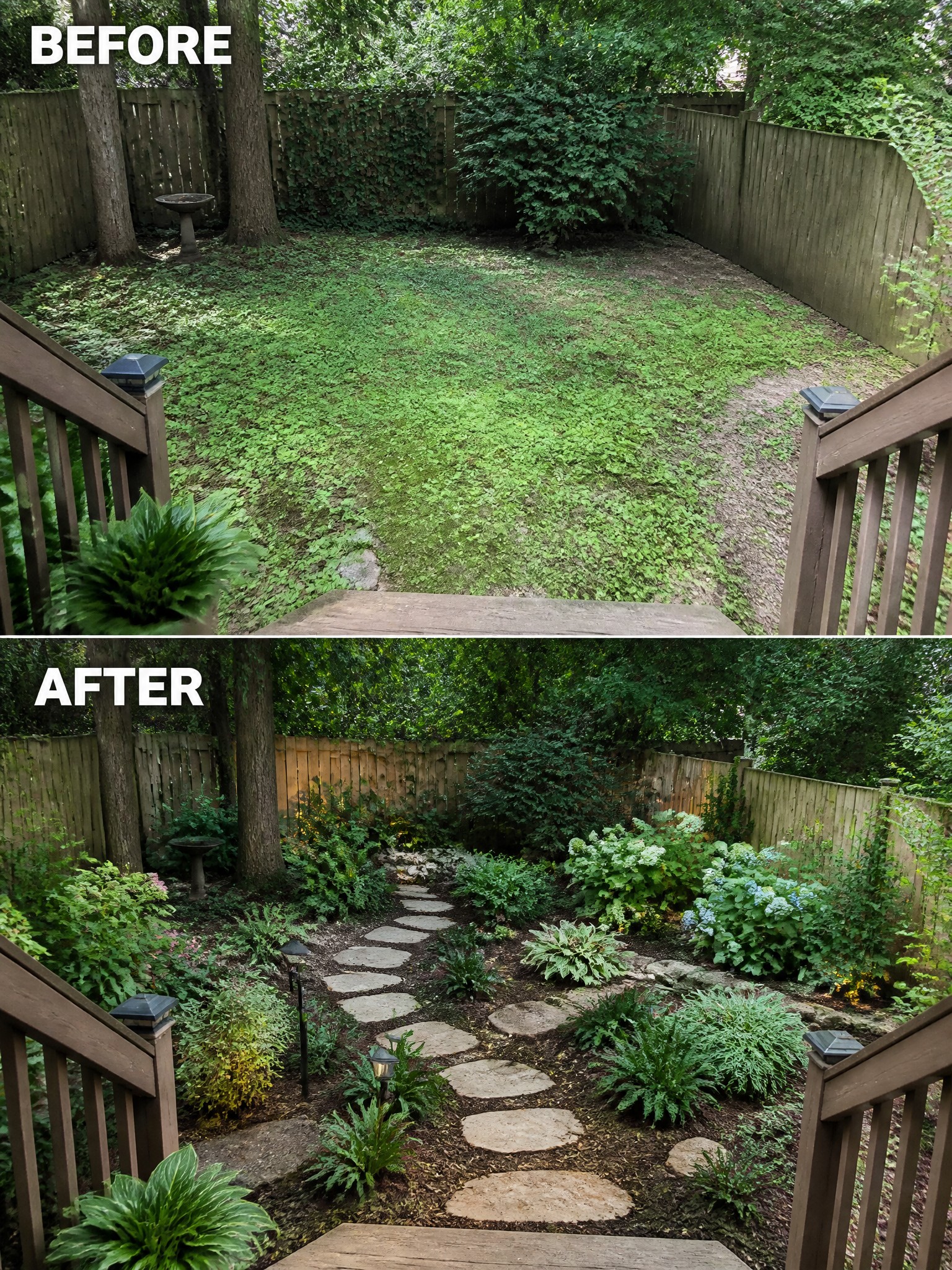 Before and after backyard transformation with stone path and lush garden plants.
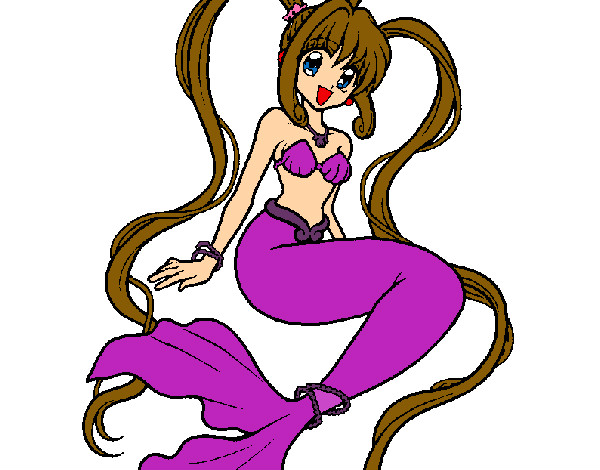 Dibujo Sirena con perlas pintado por windi
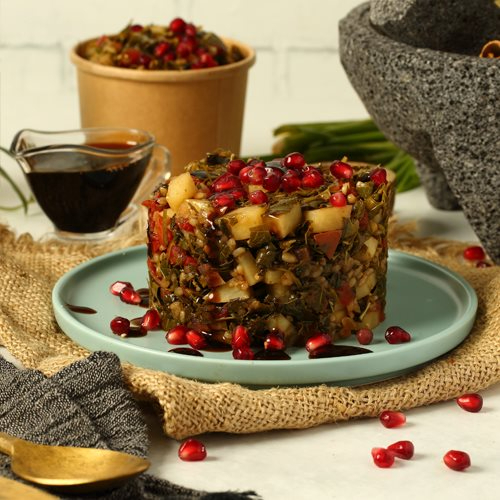 Sour Rissoto Vine Leaves - Vine leaves Risotto with pomegranate dressing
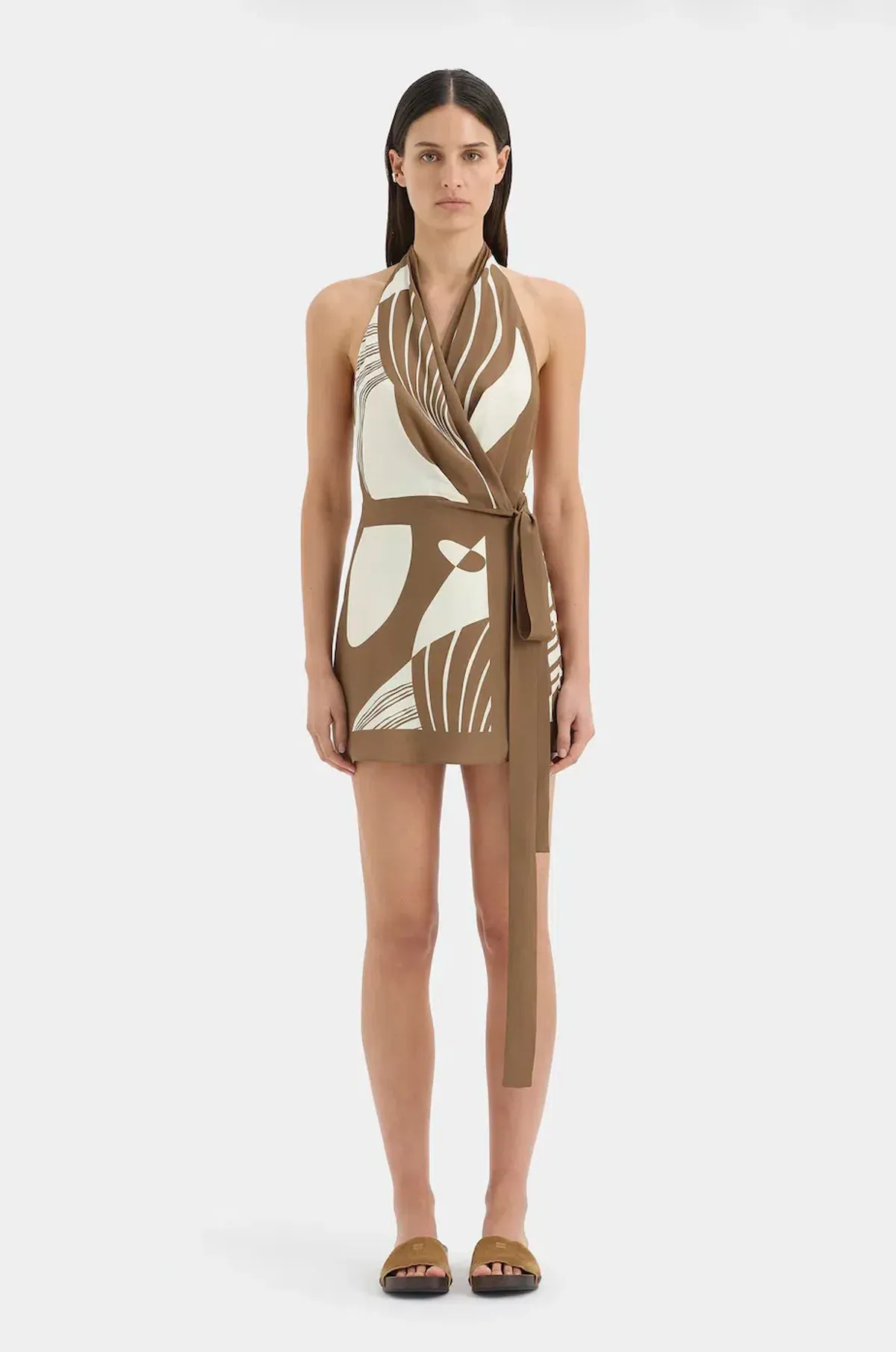 ALMARA WRAP HALTER MINI DRESS | ESPRESSO STRIPE - SIZE 8 - Image 4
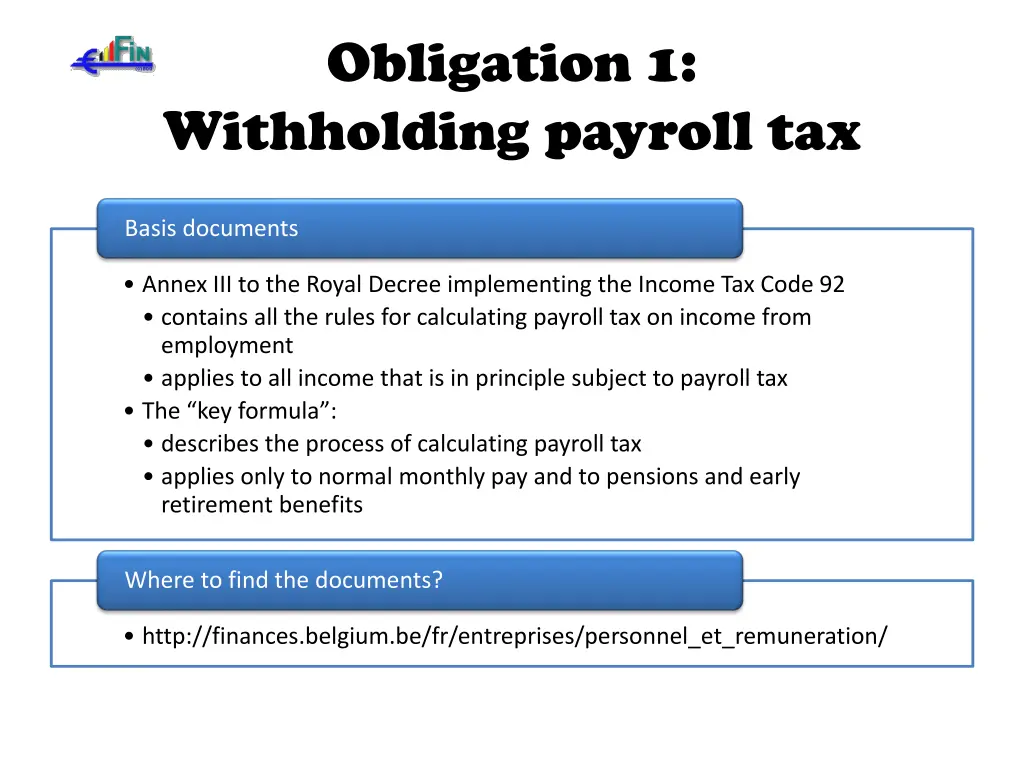 obligation 1 withholding payroll tax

################

**TASK OBJECTIVE**
Return every entry unchanged and skip the pictures.

**SOLUTION BELOW**
 Before and after backyard transformation with stone path and lush garden plants.
 Dibujo Sirena con perlas pintado por windi
 Sour Rissoto Vine Leaves - Vine leaves Risotto with pomegranate dressing
 ALMARA WRAP HALTER MINI DRESS | ESPRESSO STRIPE - SIZE 8 - Image 4
 obligation 1 withholding payroll tax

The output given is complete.